INPUT DATA:
--

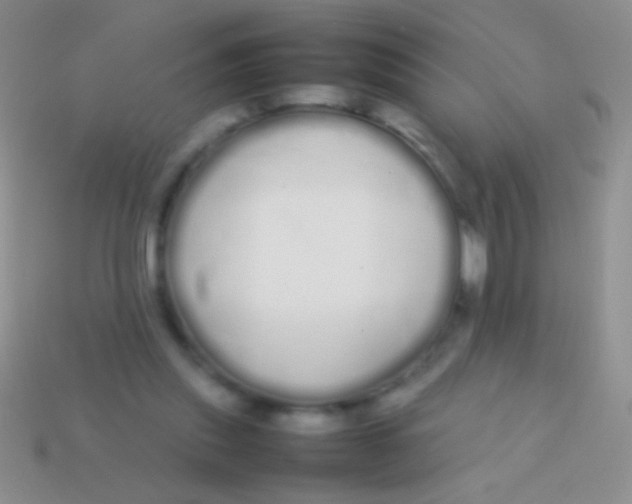 X0000113620253200910161959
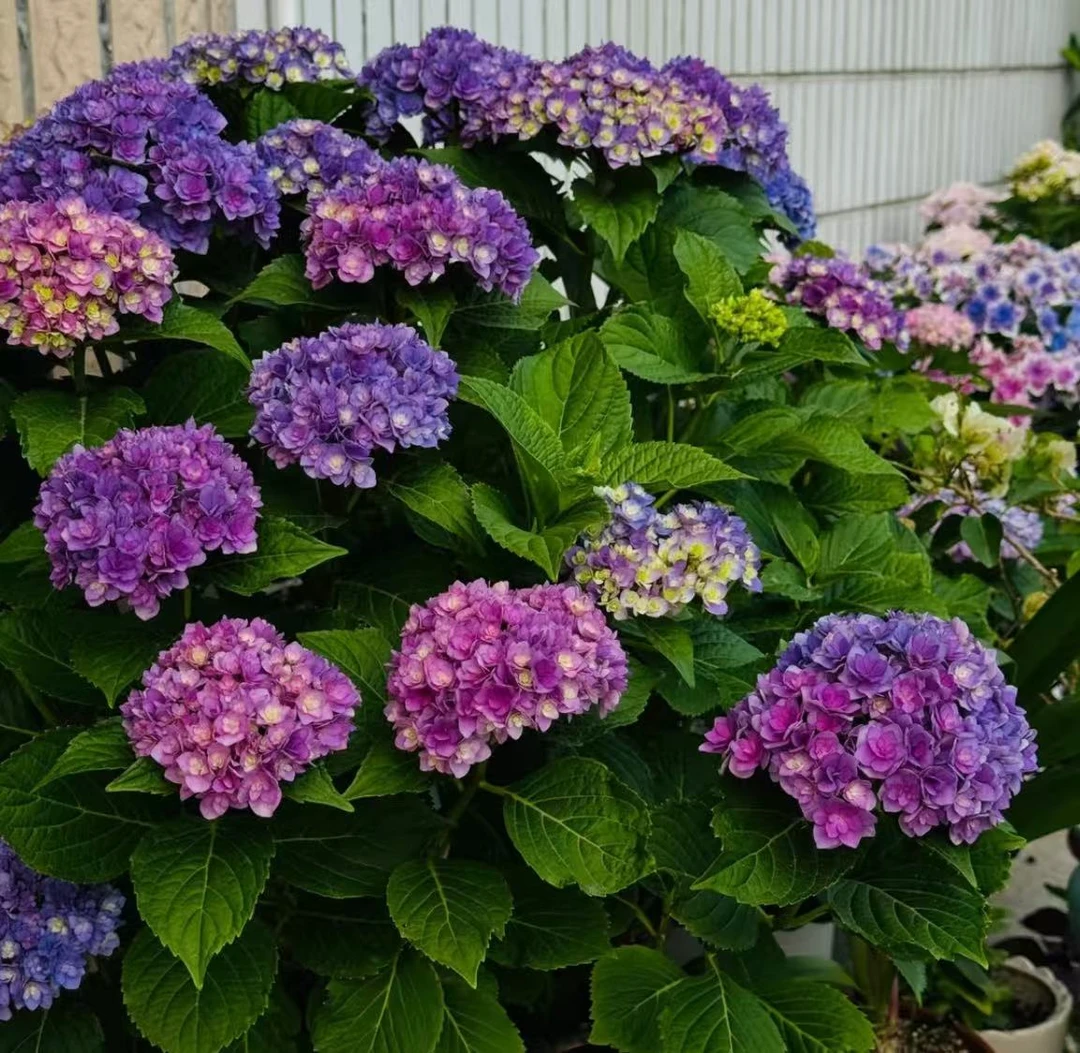 你我在一起绣球花盆栽花卉庭院阳台新手易养护喜水植物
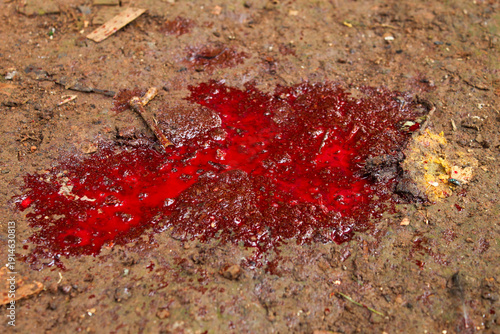 Bild auf Leinwand Fresh blood on the brown ground outdoors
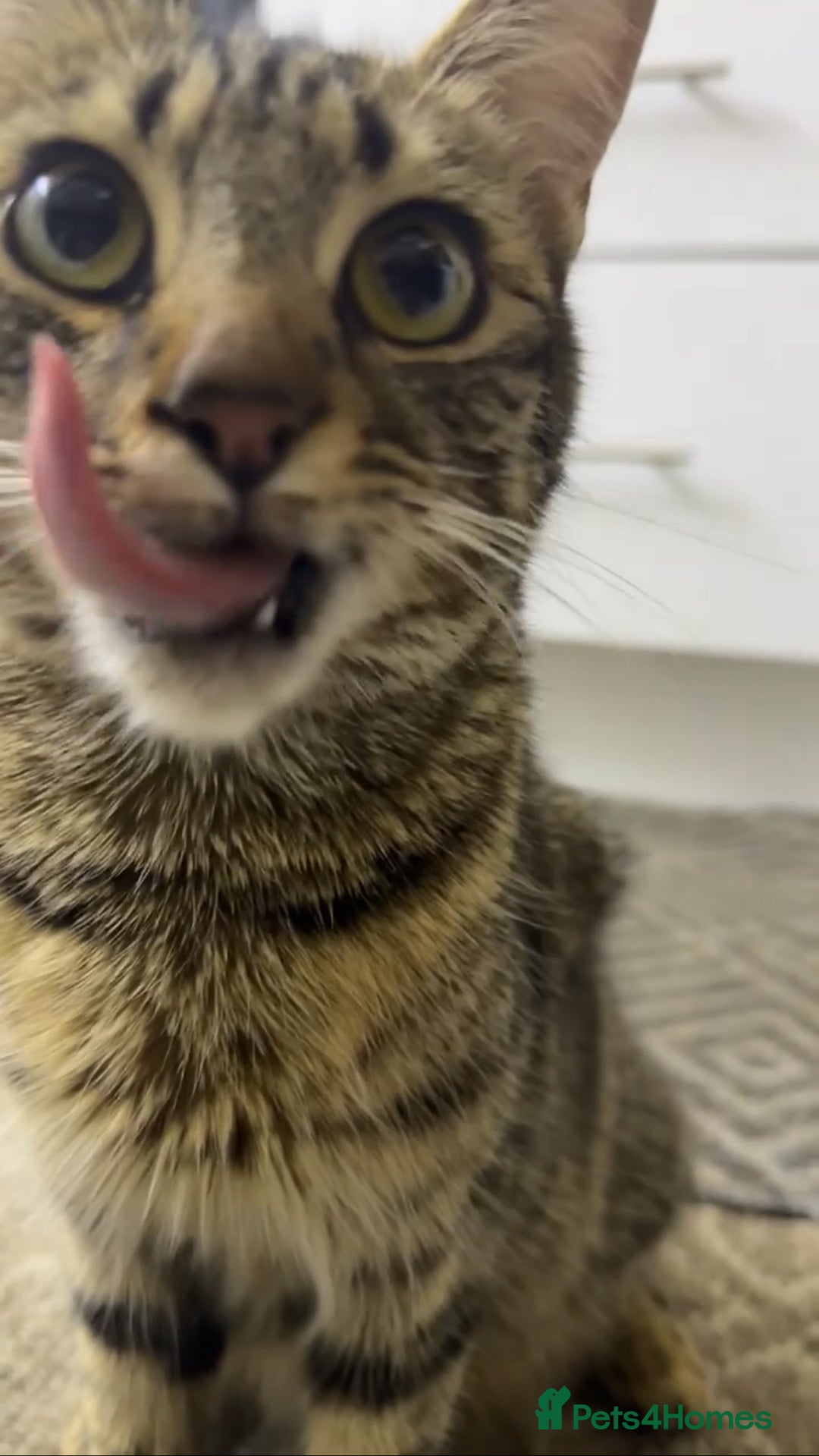 American Shorthair cats for sale: Mother and gorgeous kitties for sale🐾 - Advert 7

--

DESCRIPTION OF THE TASK: Your task is to retype exactly the lines that run from the line with "你我在一起绣球花盆栽花卉庭院阳台新手易养护喜水植物" through the last line of the material, with the pictures left out.

EXERCISE RESULT:
 你我在一起绣球花盆栽花卉庭院阳台新手易养护喜水植物
 Bild auf Leinwand Fresh blood on the brown ground outdoors
 American Shorthair cats for sale: Mother and gorgeous kitties for sale🐾 - Advert 7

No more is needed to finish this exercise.